# Breeders in New Hampshire?



## ael28 (Aug 8, 2008)

Hello,
I live in New Hampshire and we are seriously considering bringing a golden retriever into our family. I am starting to do some research on breeders, and I'm wondering if anyone has any recommendations in northern New England (NH, Massachusetts, Maine, and maybe even Vermont)?

Thanks!


----------



## historicprim (Nov 24, 2007)

hello and welcome

Im bumping this up so others who may be able to help you see this.


----------



## skeller (Mar 5, 2008)

I don't know anything about this breeder, but their website looks interesting.

http://www.starquestgoldens.com/


----------



## LibertyME (Jan 6, 2007)

ael28 said:


> Hello,
> I live in New Hampshire and we are seriously considering bringing a golden retriever into our family.
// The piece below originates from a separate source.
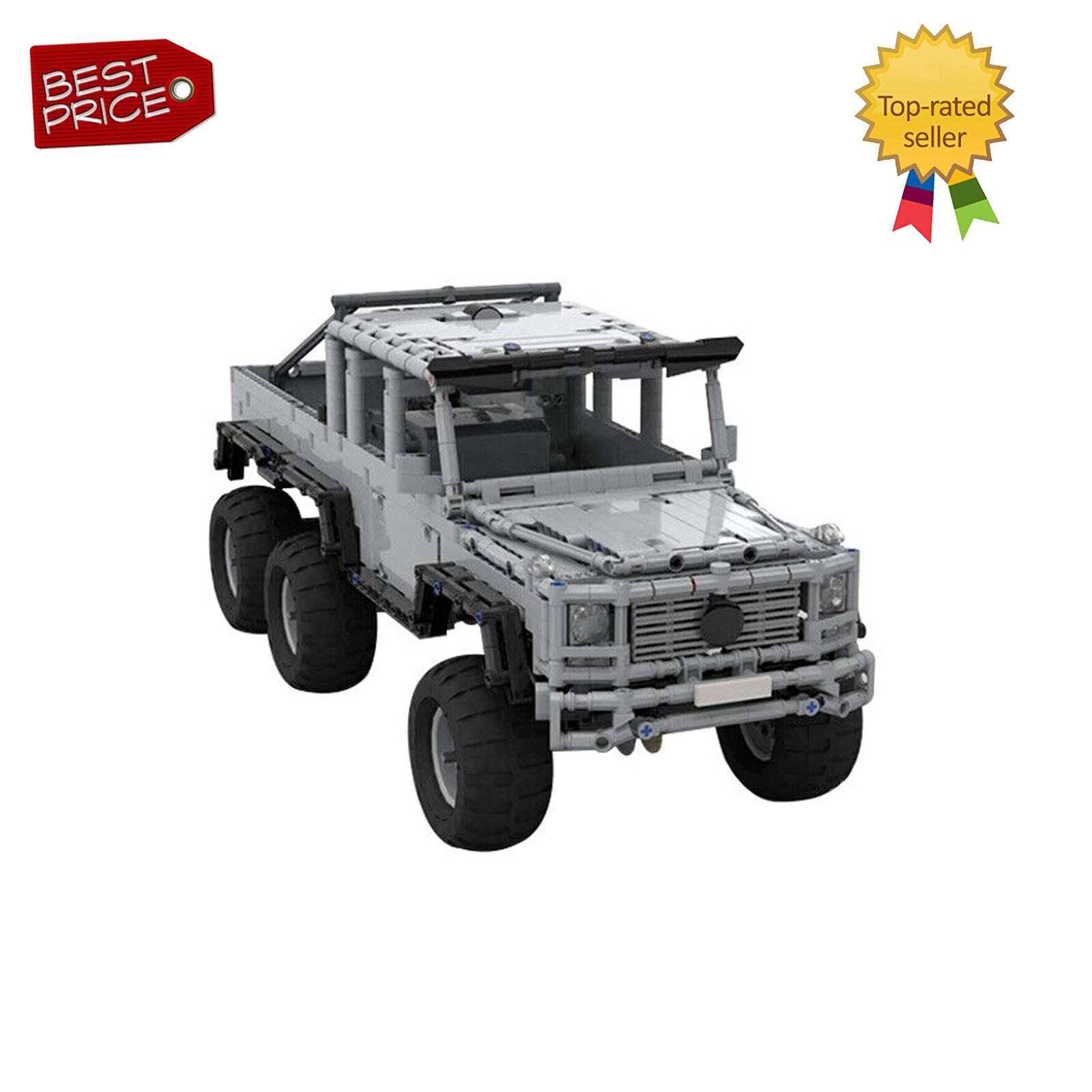 MOC: G-class 6╳6 Off-road SUV Model with Power Functions 1700 Pieces Toys Set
I am starting to do some research on breeders, and I'm wondering if anyone has any recommendations in northern New England (NH, Massachusetts, Maine, and maybe even Vermont)?
> 
> Thanks!


Do you have a preference conformation lines or hunting lines?


----------



## LibertyME (Jan 6, 2007)

Dont rule out Canada!
There are some nice dogs from responsible breeders North of the border!


----------



## Debles (Sep 6, 2007)

Goldiva goldens in Maine have the most gorgeous goldens. Some great breeders on the forum in Ontario.


----------



## LibertyME (Jan 6, 2007)

Cookie Kelly and Kim Lorraine have some very nice dogs...
http://www.kelore.com


----------



## GoldenJoyx'stwo (Feb 25, 2007)

I would ask the puppy referral people listed on the GRCA's Web site. Then I would ask the people here if they had good experiences with them.


----------



## AmbikaGR (Dec 31, 2007)

I believe Alison and Ray Desmarais would be a great choice, if they have puppies. They are in New Hampshire and their website is
http://www.mirasol.org/

Good Luck with your search!


----------



## Ljilly28 (Jan 22, 2008)

skeller said:


> I don't know anything about this breeder, but their website looks interesting.
> 
> http://www.starquestgoldens.com/


By coincidence, I met a Starquest golden at the beach this morning- lovely girl.


----------



## Ljilly28 (Jan 22, 2008)

Debles said:


> Goldiva goldens in Maine have the most gorgeous goldens. Some great breeders on the forum in Ontario.


Well, I loooooooooooooooooove my Goldiva puppy so much I am biased.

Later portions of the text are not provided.